Soms wou ik dat ik een lange witte baard had
In dit artikel:
In een Dubai‑praktijk botst een Nederlandse arts met accent op culturele weerstand tegen preventieve hormoontherapie bij een energieke vrouw van begin vijftig met Indiase achtergrond. De patiënte vertrouwt meer op familieadviezen, een arts in haar thuisland en ayurvedische middelen zoals triphala dan op wat de huisarts aanbiedt. Ze ziet geen klacht en vindt het daarom onlogisch om medicatie voor te schrijven.
De arts probeert uit te leggen dat hormonen niet louter luxe zijn maar bijdragen aan spiermassa, hartgezondheid, botdichtheid en algemene levenskwaliteit — factoren die toekomstig ziekte‑ en functieverlies kunnen verminderen. Toch wegen voor veel patiënten sociale autoriteit en culturele overtuigingen zwaarder dan bewijsvoering van een buitenlandse arts. Berichten via WhatsApp, traditionele preparaten met fraaie etiketten en het stilzwijgende gezag van een vertrouwde “arts van thuis” bepalen vaak het besluit.

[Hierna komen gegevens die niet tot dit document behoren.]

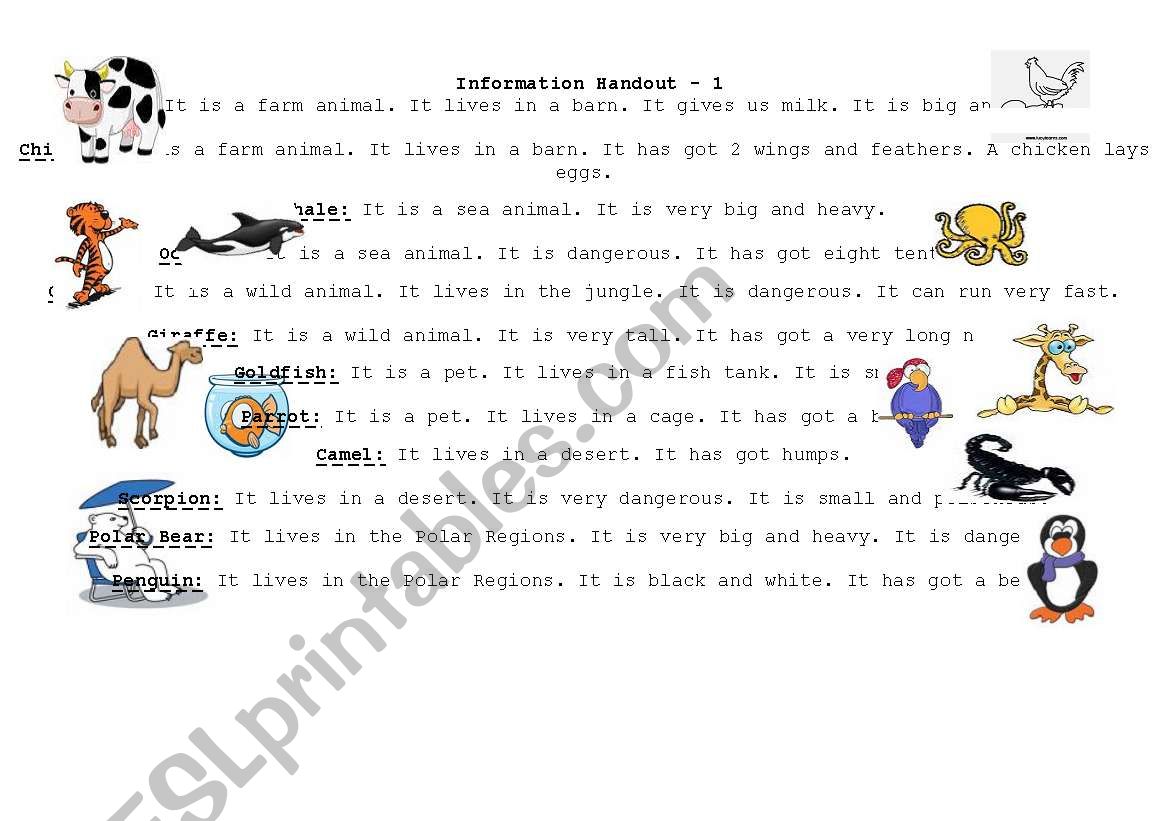 animals worksheet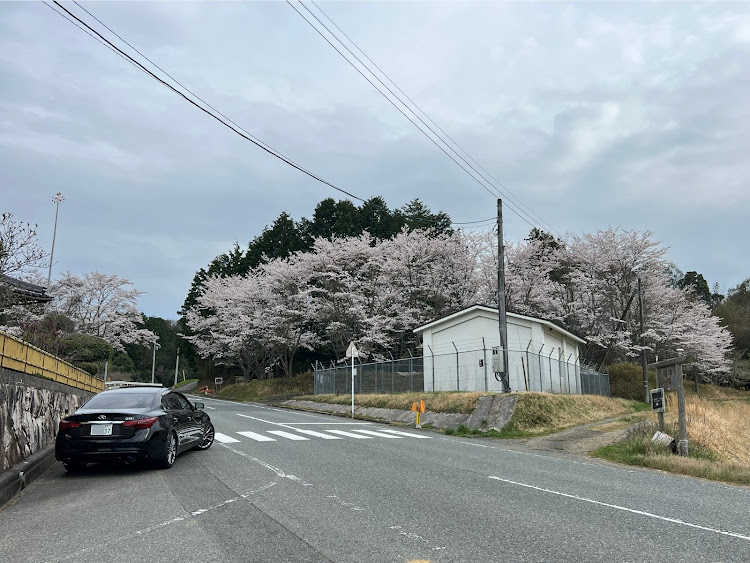 スカイラインのカスタム・4月もよろしくお願い致します🌸・インフィニティ・桜とコラボに関するカスタム事例の投稿画像5枚目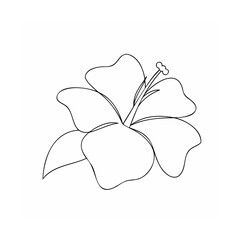 Single line drawing hibiscus flower outline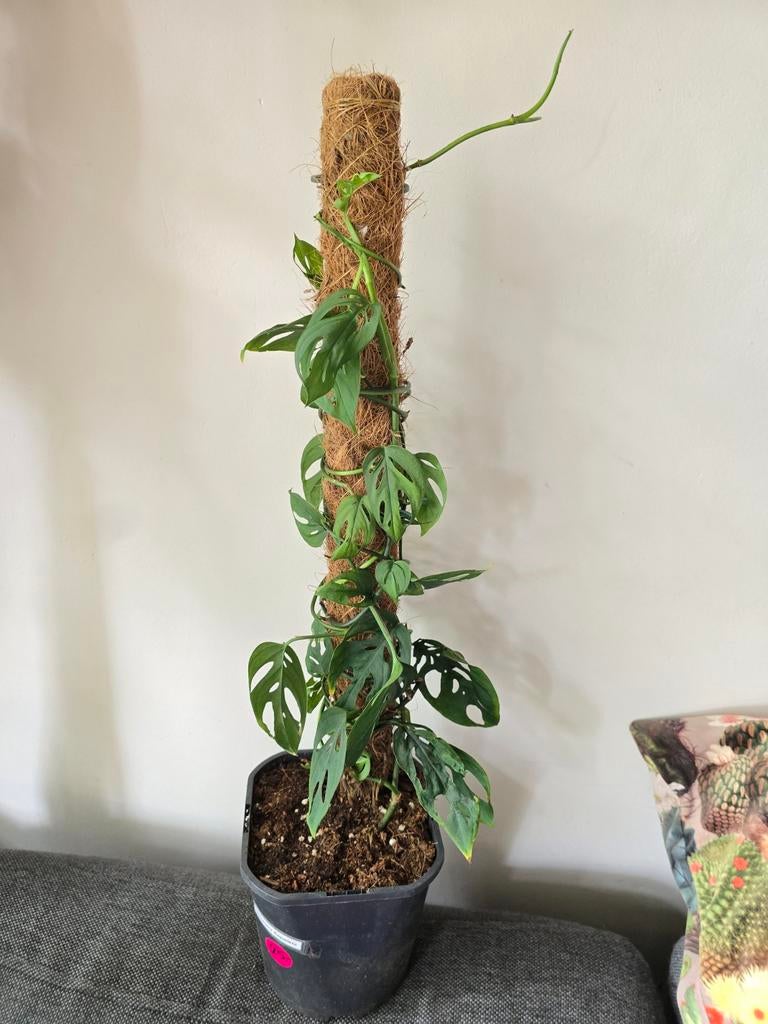 Monstera Esqueleto, Huis en Inrichting, Kamerplanten, Ophalen of Verzenden, Halfschaduw, Minder dan 100 cm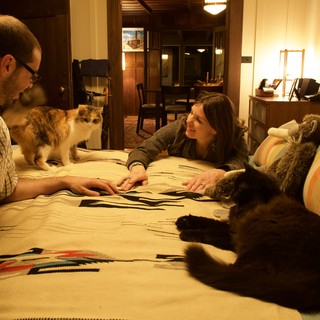 cats-on-bed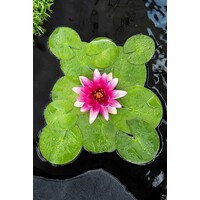 Nymphaea Escarboucle | Waterlelie | In 11CM pot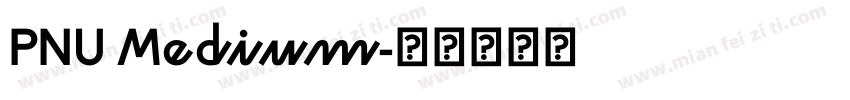 PNU Medium字体转换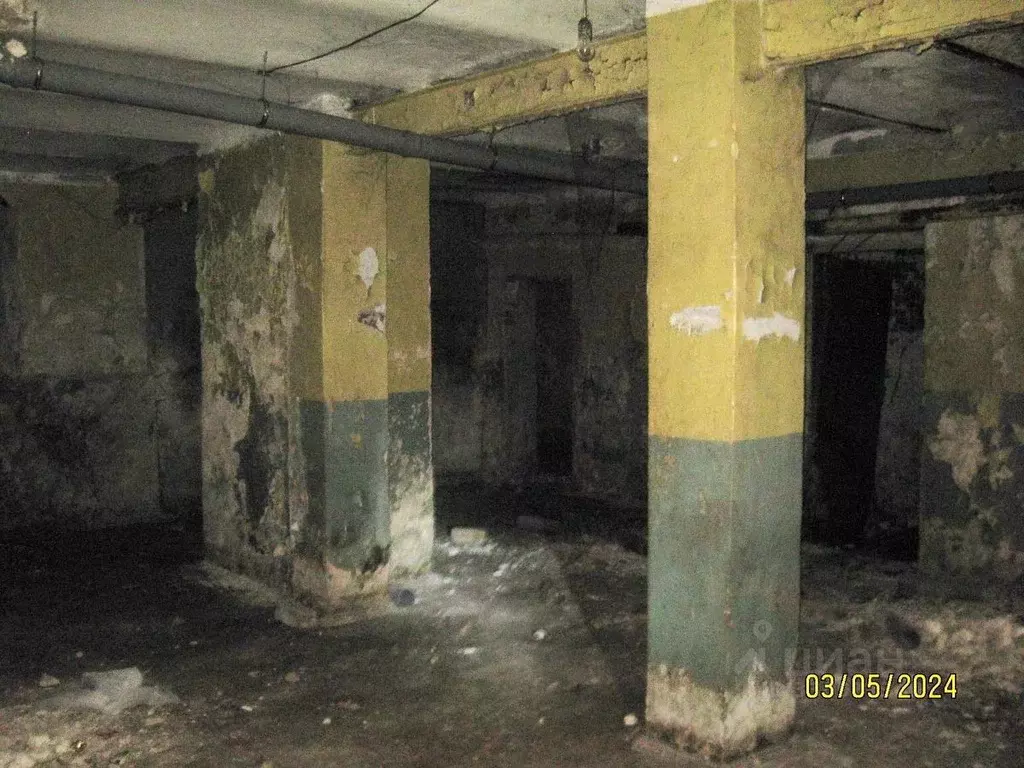 Помещение свободного назначения в Нижегородская область, Нижний ... - Фото 1
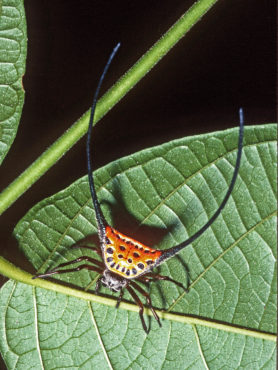Picture of Macracantha arcuata (Long-horned Orb-weaver, Curved Spiny Spider) - Female - Dorsal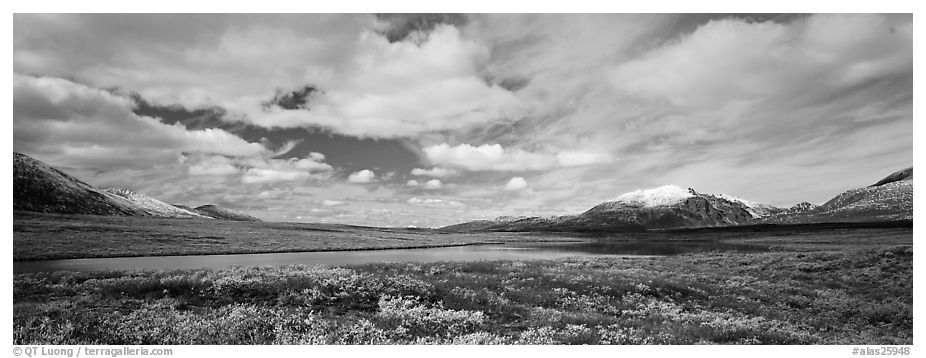Tundra landscape and clouds in autumn. Alaska, USA (black and white)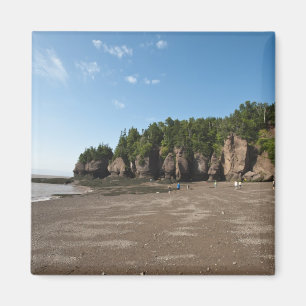 Aimant Hopewell Rocks et le site d'exploration de la maré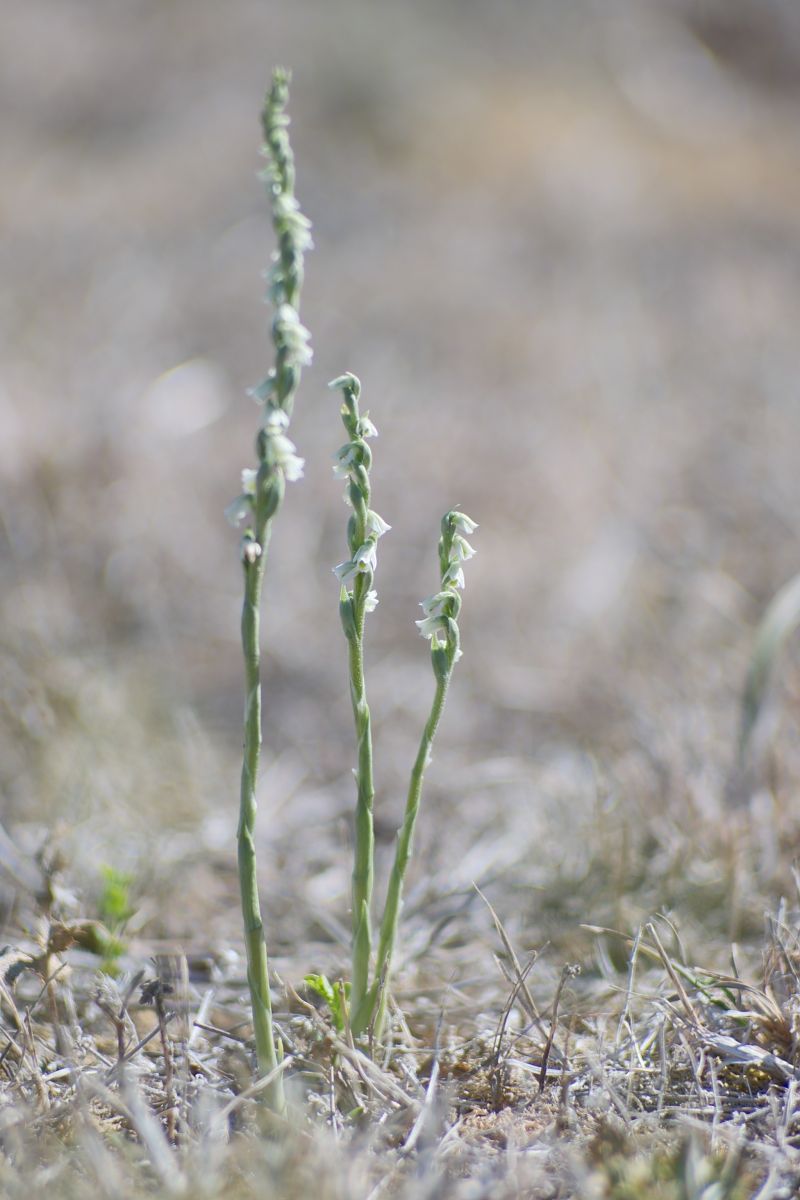 Spiranthes spiralis  - François Jauzelon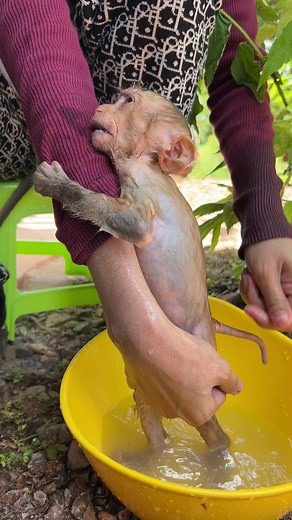 Showering for little baby monkey #monkeying_around #monkeying_around #monkeytreats #monkeying_around #monkeyloving #monkeyoftheday #monkeyseemonkeydo #monkeying #monkeylife #monkeyingaround #monkeylove #monkey #monkeylovers #monkeybars #monkeyloveit #monkeybusiness #monkeytime #monkeymode #monkeyfunny #monkeyclimbing #monkeyadventures #monkeyingaround | DIY IDEAS HOME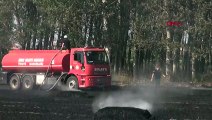 Edirne'de Buğday Tarlasında Yangın Çıktı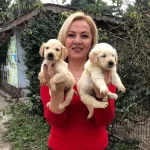 Bebek yüzlü Harika Golden Retriever Yavrularımız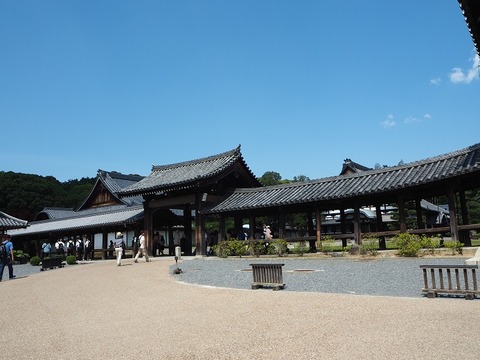 P6040385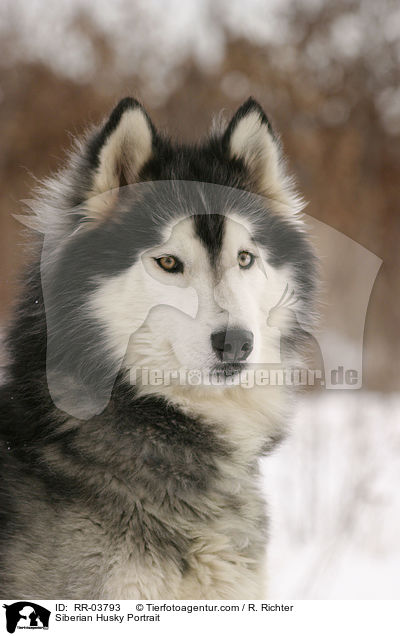 Sibirien Husky Portrait / Siberian Husky Portrait / RR-03793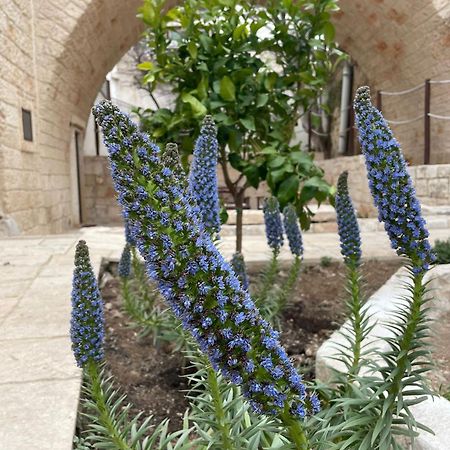 Lamanna House Polignano a Mare Exterior photo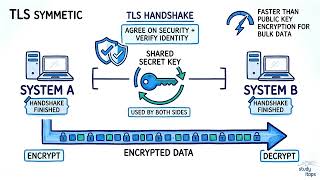 Symmetric Encryption Protects Data After TLS Handshake | CompTIA Security+ SY0-701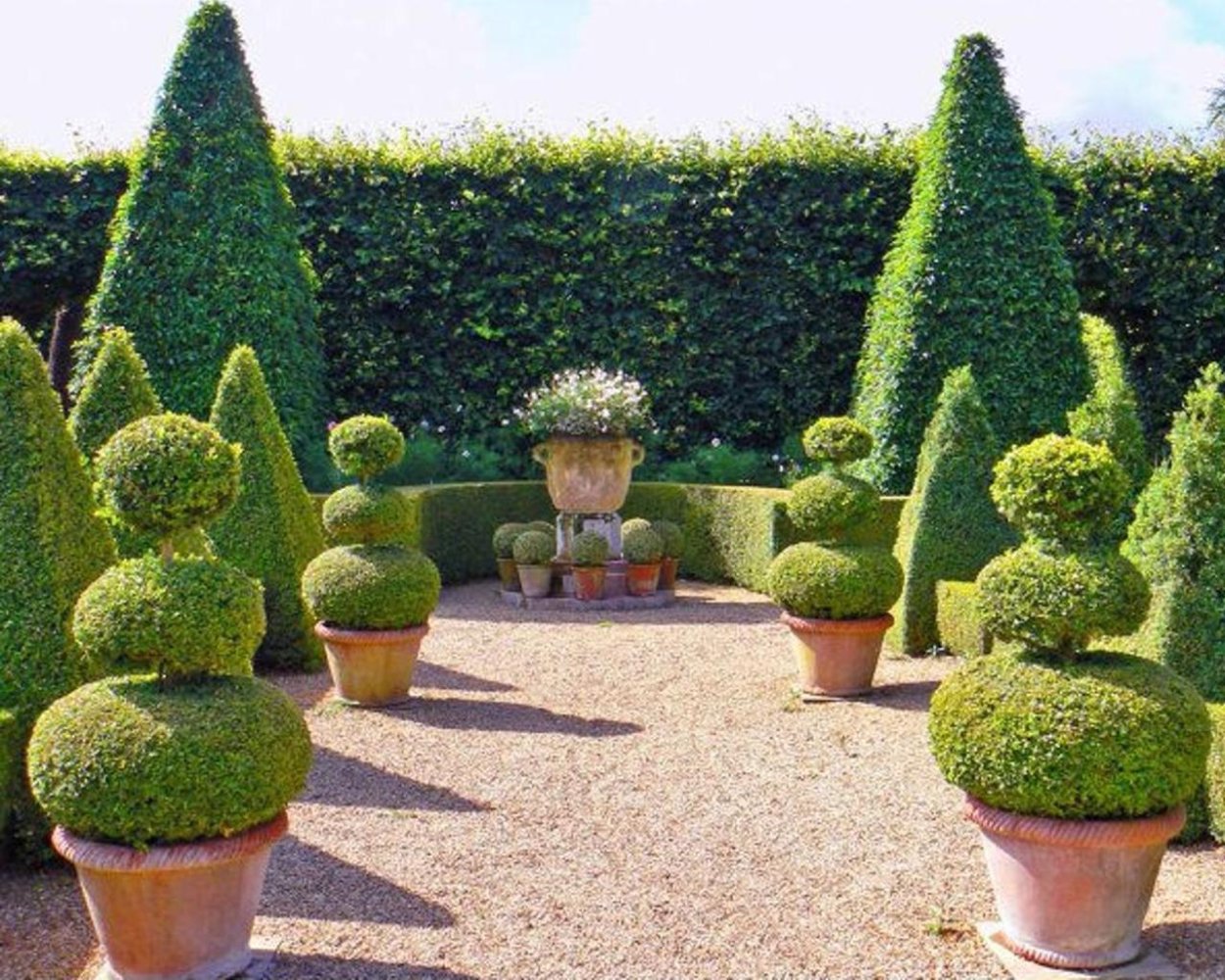 Топиарная стрижка туи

De verteller leert haar aanpak aan te passen: niet alleen feiten overbrengen, maar luisteren naar familieverhalen, waarden en het idee dat “natuurlijk” superieur is aan “chemisch”. Soms lukt het om iemand mee te krijgen, vaak niet. De kernboodschap is dat overtuigen begint bij begrip en respect; medische kennis werkt beter als die wordt gedeeld zonder oordeel en rekening houdt met culturele context. De casus illustreert waarom preventieve zorg moeite heeft terrein te winnen wanneer vertrouwen en identiteit zwaarder wegen dan medische argumenten.